*TASK*.
The material below holds the lines to copy: from the one with "Cổng khách sạn đẹp" up to and including the one with "MITSUBISHI ASX 2.0". Copy them exactly and skip the pictures.

*SUPPLIED MATERIAL*.
◆ ◆ ◆ ◆

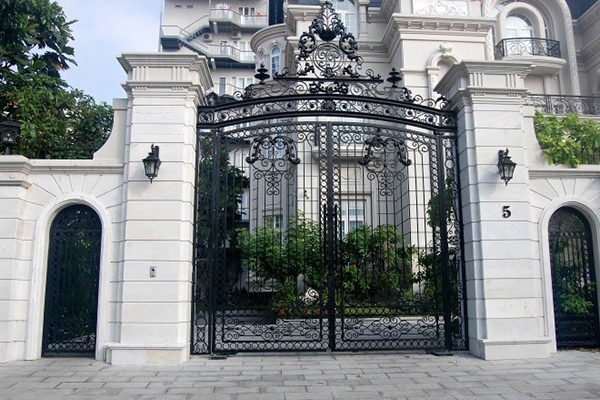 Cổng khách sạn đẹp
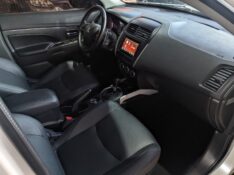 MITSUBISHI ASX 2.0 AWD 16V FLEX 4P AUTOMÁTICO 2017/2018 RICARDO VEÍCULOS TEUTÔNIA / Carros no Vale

◆ ◆ ◆ ◆

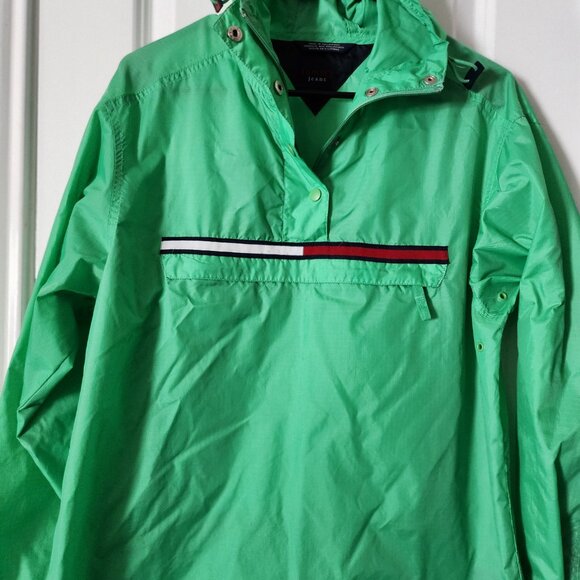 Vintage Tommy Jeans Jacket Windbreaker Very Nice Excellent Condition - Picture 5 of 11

◆ ◆ ◆ ◆

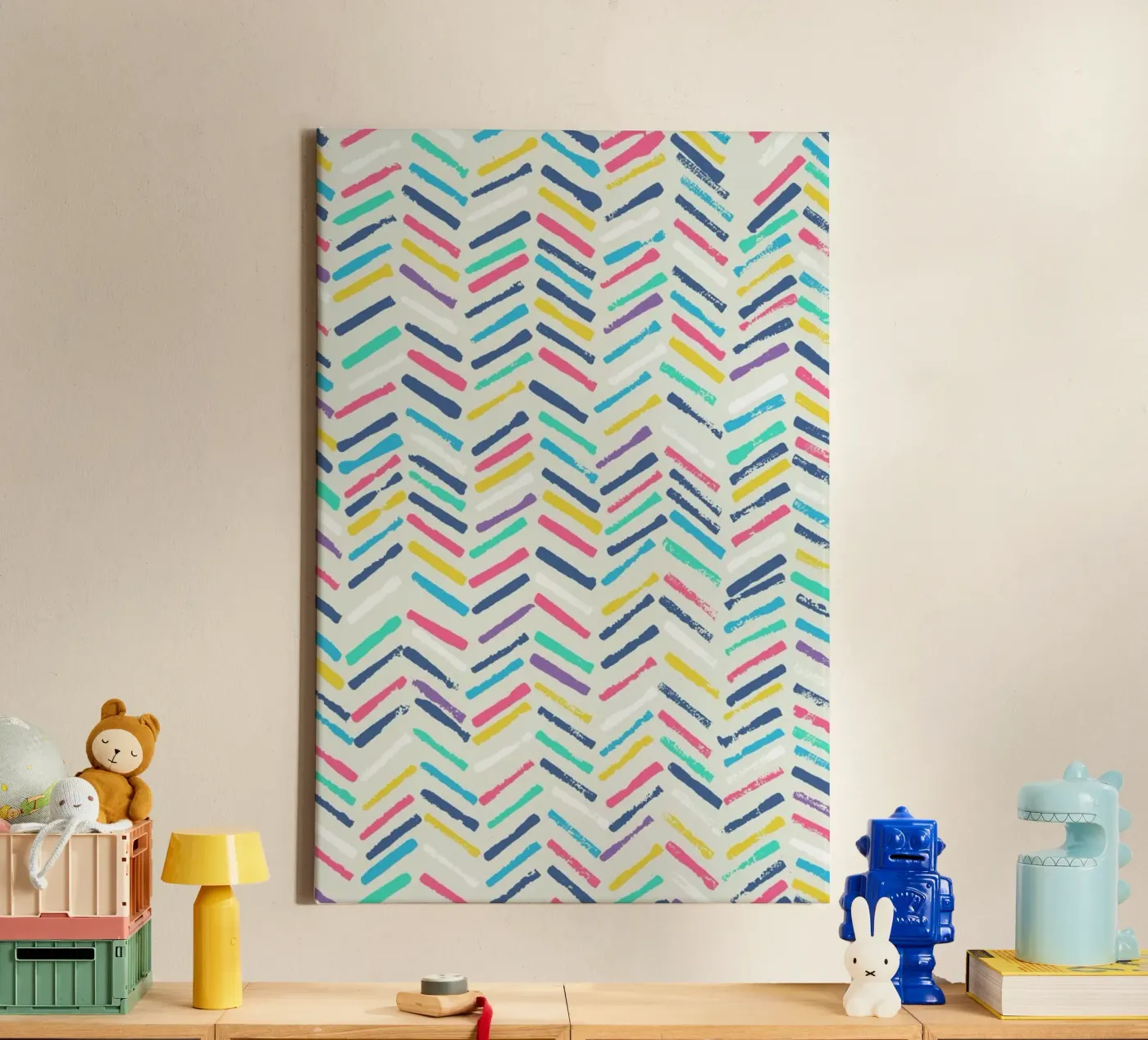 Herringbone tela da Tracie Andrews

◆ ◆ ◆ ◆

*SOLUTION TO THIS TASK*.
 Cổng khách sạn đẹp
 MITSUBISHI ASX 2.0 AWD 16V FLEX 4P AUTOMÁTICO 2017/2018 RICARDO VEÍCULOS TEUTÔNIA / Carros no Vale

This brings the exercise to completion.